I'm trying to get a head count for Saturday.

Your only choices are "*Yes, I'm coming!*" or  "*I hope to make it next year.*"


----------



## kent4Him (Mar 27, 2008)

I again get to have a very quiet ride with Ed.  I wish he talked a little more.  Maybe this year he'll come out of his shell.[]


----------



## edman2 (Mar 27, 2008)

My son is coming up from Arkansas and we will be there this year. Looking forward to it!


----------



## ed4copies (Mar 27, 2008)

> _Originally posted by kent4Him_
> 
> I again get to have a very quiet ride with Ed.  I wish he talked a little more.  Maybe this year he'll come out of his shell.[]
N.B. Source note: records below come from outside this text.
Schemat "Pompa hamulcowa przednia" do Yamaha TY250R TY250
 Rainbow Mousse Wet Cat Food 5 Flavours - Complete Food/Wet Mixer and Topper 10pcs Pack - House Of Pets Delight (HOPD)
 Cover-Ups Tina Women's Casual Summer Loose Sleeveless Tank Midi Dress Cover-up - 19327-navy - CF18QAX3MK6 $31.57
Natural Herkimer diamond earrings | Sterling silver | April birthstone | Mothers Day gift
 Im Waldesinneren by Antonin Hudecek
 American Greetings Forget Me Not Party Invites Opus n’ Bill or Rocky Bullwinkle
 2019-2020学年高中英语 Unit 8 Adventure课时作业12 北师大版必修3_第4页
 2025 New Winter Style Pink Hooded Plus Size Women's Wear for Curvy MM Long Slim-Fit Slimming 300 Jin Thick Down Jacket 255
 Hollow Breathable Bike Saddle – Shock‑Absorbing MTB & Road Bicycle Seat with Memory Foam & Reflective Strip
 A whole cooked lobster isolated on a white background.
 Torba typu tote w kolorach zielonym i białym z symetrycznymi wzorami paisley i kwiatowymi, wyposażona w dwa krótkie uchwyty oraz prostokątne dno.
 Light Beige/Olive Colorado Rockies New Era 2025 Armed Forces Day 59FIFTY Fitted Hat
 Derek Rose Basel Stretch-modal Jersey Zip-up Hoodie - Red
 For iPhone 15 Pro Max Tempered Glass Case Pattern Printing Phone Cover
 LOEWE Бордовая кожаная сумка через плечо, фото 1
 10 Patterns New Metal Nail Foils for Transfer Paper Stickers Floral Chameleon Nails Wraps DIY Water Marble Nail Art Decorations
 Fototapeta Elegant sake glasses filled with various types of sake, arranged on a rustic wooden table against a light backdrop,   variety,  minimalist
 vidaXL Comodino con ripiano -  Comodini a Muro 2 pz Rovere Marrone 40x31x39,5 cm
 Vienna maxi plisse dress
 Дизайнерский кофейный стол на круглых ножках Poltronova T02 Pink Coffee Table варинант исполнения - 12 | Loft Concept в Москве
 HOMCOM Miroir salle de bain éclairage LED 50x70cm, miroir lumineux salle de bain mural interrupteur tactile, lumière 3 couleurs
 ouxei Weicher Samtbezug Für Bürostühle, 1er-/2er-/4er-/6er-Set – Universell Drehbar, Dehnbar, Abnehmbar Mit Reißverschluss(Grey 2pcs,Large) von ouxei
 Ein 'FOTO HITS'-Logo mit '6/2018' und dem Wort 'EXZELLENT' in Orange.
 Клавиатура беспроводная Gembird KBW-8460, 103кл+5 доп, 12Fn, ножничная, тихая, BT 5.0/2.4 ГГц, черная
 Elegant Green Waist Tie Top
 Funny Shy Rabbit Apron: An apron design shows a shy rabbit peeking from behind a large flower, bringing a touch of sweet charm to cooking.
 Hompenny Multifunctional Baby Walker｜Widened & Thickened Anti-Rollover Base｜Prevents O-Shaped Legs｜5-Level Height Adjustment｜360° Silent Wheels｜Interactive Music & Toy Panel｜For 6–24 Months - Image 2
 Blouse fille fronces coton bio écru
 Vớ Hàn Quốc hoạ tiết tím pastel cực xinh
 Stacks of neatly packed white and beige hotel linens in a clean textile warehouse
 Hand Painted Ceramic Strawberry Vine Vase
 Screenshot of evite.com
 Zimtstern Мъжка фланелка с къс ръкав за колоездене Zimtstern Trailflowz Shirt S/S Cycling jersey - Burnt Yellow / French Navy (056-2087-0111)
Careful what you wish for!!![}][}][}]


----------



## ed4copies (Mar 27, 2008)

Clever way to get an approximate head count!!


----------



## Poppers-n-Pens (Mar 27, 2008)

> _Originally posted by ed4copies_
> 
> Clever way to get an approximate head count!!



Thanks Ed.

So far the No votes are winning by 1 (7 to 8 at the time of this meeting).


----------



## ken69912001 (Mar 27, 2008)

Wouldn't miss it for anything. Besides I can be there in 75 minutes.


----------



## Poppers-n-Pens (Mar 28, 2008)

bump!

As of Friday at 2pm (central time), I have 12 people who are coming to the MPG.

[?][?][?][?]

Some how I think there will be more people...  

Keep voting...


----------



## barkisini (Mar 28, 2008)

I'm driving up tonight so that I don't nod off during lunch.


----------



## alphageek (Mar 28, 2008)

Have fun guys.. I voted for next year.. I REALLY wanted to come down... Mighta even been able to ride most of the way with Ed if I had worked it out right.


----------



## Poppers-n-Pens (Mar 29, 2008)

Well, we had 70 people show up today!!!  That's about a 40% increase from last year's number.  WOW!

Thank you to all who were able to make it.

For those of you who couldn't make it this year, you were missed and we look forward to seeing you next year


----------